渋沢さんは3月ごろから腹部の不快感を訴えるようになり、梨花会はもちろん、貴族院も欠席していた。先日、東京帝国大学医科大学の外科学教授・塩田広重先生が渋沢さんの検査をしたところ、大腸のS状結腸という肛門に近い場所が狭くなっていることが判明した。恐らくは、S状結腸にできたガンが症状を引き起こしていると推測されたのだけれど、渋沢さんは90歳と高齢であることから、ガンに対する根治術は行われないことになったのだ。
「……それでは、どうするのですか?」
私から渋沢さんの最新の経過を聞き取った節子さまは、私に詰め寄るように聞いた。
「實枝子さまは、大腸のガンでも、手術ができたではないですか。それと渋沢さまと、どこが違うのですか?」
「いや、全然違うわよ。實枝子さまは健康診断でガンが見つかったから、ガン自体が進行していなかったもの。それに、實枝子さまはまだ40歳にもなっていないから、根治術に耐えられる体力が十分にあったし」
私の義理の妹の名前を出した節子さまに、私は丁寧に説明する。實枝子さまも、今年2月に大腸ガンを患っていることが発覚したけれど、発見が早かったのと、根治術に耐えられる体力があったのもあり、3月に塩田先生の執刀で大腸ガンの根治術を受け、体調も既に回復していた。

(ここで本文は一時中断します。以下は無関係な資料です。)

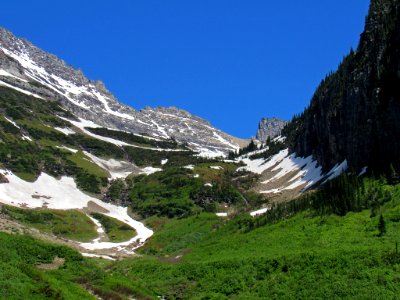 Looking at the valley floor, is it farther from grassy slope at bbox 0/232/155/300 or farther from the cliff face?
the cliff face

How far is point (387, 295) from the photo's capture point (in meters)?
31.6

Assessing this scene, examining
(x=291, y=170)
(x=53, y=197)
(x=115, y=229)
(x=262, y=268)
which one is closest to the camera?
(x=262, y=268)

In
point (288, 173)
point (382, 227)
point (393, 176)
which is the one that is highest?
point (288, 173)

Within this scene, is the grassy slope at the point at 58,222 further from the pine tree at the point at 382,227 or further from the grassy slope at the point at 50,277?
the pine tree at the point at 382,227

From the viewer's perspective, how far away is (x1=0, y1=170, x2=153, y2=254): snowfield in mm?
121812

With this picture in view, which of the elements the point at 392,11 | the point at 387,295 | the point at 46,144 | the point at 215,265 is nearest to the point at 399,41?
the point at 392,11

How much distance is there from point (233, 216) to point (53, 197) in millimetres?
64875

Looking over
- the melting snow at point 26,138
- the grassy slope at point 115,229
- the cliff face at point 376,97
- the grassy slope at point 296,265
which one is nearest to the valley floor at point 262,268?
the grassy slope at point 296,265

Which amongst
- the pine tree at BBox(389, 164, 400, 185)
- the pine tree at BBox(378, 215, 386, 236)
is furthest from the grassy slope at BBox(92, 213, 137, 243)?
the pine tree at BBox(378, 215, 386, 236)

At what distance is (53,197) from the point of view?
444 ft

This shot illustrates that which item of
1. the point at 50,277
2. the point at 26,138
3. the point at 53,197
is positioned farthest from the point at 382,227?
the point at 26,138

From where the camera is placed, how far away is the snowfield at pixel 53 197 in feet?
400

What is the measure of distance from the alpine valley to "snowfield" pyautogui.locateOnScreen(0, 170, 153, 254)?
51 centimetres

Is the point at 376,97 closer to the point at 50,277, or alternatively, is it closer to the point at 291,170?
the point at 50,277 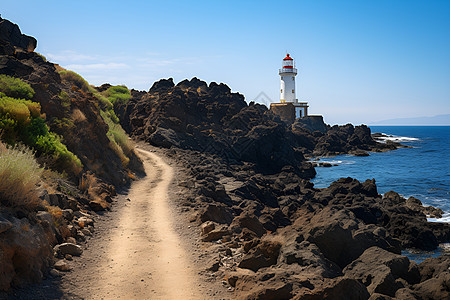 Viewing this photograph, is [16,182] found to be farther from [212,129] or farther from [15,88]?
[212,129]

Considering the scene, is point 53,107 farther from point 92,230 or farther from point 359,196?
point 359,196

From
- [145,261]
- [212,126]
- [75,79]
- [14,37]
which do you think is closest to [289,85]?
[212,126]

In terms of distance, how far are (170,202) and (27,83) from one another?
879cm

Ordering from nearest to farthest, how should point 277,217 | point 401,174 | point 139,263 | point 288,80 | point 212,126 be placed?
point 139,263 < point 277,217 < point 401,174 < point 212,126 < point 288,80

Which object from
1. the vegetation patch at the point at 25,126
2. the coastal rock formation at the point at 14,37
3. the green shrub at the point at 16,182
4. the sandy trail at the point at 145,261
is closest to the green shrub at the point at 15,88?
the vegetation patch at the point at 25,126

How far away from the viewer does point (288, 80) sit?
83.6 m

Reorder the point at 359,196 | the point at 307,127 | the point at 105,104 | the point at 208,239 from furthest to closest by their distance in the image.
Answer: the point at 307,127, the point at 105,104, the point at 359,196, the point at 208,239

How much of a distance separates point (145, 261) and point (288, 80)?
78.6 metres

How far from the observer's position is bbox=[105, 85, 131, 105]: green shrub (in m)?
54.1

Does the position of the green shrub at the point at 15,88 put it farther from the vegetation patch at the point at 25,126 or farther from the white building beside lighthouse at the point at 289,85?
the white building beside lighthouse at the point at 289,85

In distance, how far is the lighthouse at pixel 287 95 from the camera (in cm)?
8306

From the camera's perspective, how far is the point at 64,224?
9750mm

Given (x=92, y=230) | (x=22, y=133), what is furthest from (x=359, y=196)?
(x=22, y=133)

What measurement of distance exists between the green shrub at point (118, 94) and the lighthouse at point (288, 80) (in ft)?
126
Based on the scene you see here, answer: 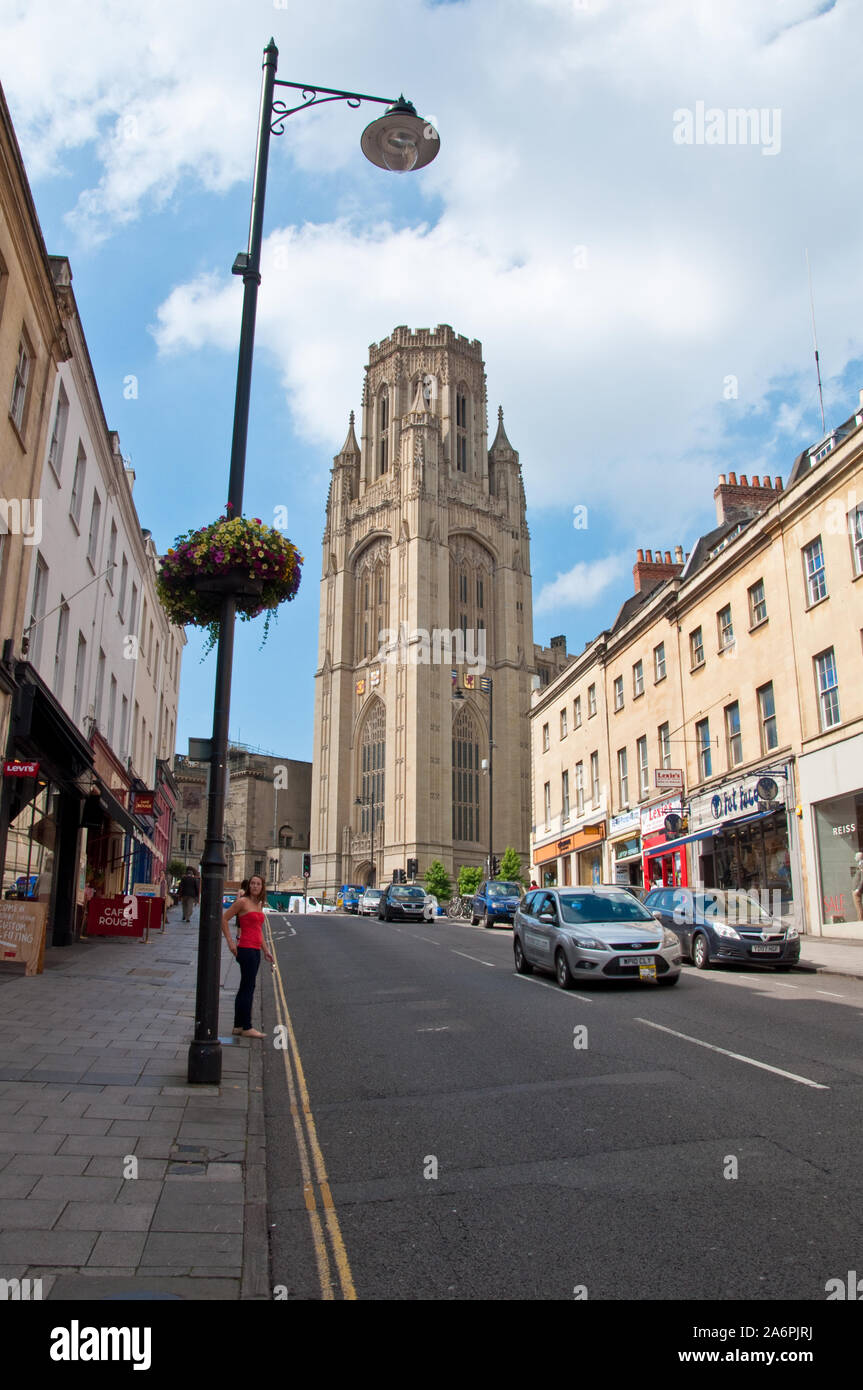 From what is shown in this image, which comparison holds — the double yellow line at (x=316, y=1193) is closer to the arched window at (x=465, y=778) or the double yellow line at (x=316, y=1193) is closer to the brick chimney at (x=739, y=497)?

「先週、塩田先生に会って話をしたら、今月中に、渋沢さんの人工肛門を作る手術をする予定だと聞いたわ。ただ、ガンそのものを取る手術ではないから……」
「そうですか……」
節子さまが暗い顔をしてうつむくと、「梨花」と兄が私を呼んだ。
「さやえんどうは、大腸ガンにはよくないのか?」
「うーん……繊維が多い食べ物ではあるから、食べ過ぎはよくないけれど、火を通して柔らかくして、細かく切れば、食べても問題ないんじゃないかな」
なぜ兄はこんなことを聞くのだろうか。私が訝しく思った時、
「畑のさやえんどうを、渋沢男爵のところに持って行ってやろうと思ってな」
少し寂しげな口調で兄が言った。
「兄上……」
「梨花会に入ったのは遅かったが、渋沢男爵もこの国を支えた人間の1人。お父様の崩御の時には、内閣総理大臣として俺をよく支えてくれた。きちんと礼を言わねばならないし……それに、今の俺なりに、渋沢男爵の今までの労に報いたくてな」
兄の言葉に、「そうですね……」と節子さまがしみじみと応じる。私も黙って頷いた。兄の言う通り、お父様が死病に侵されていると分かった際、渋沢さんは変化する事態に内閣総理大臣として冷静に対応し、天皇の代替わりに関する行事を滞りなく終わらせた。そして、世界大戦発生の危機を乗り越えるための国際会議も、問題なく運営した。個性の強い梨花会の面々の中では存在が埋もれがちだったけれど、彼がいなくては、改元前後の混乱は乗り越えられなかっただろう。
「兄上、私も折を見て、渋沢さんのお見舞いに行くよ」
私が言うと、兄は「そうしておくれ」と私に微笑んで言った。
※実際に渋沢さんが亡くなったのは1931年です。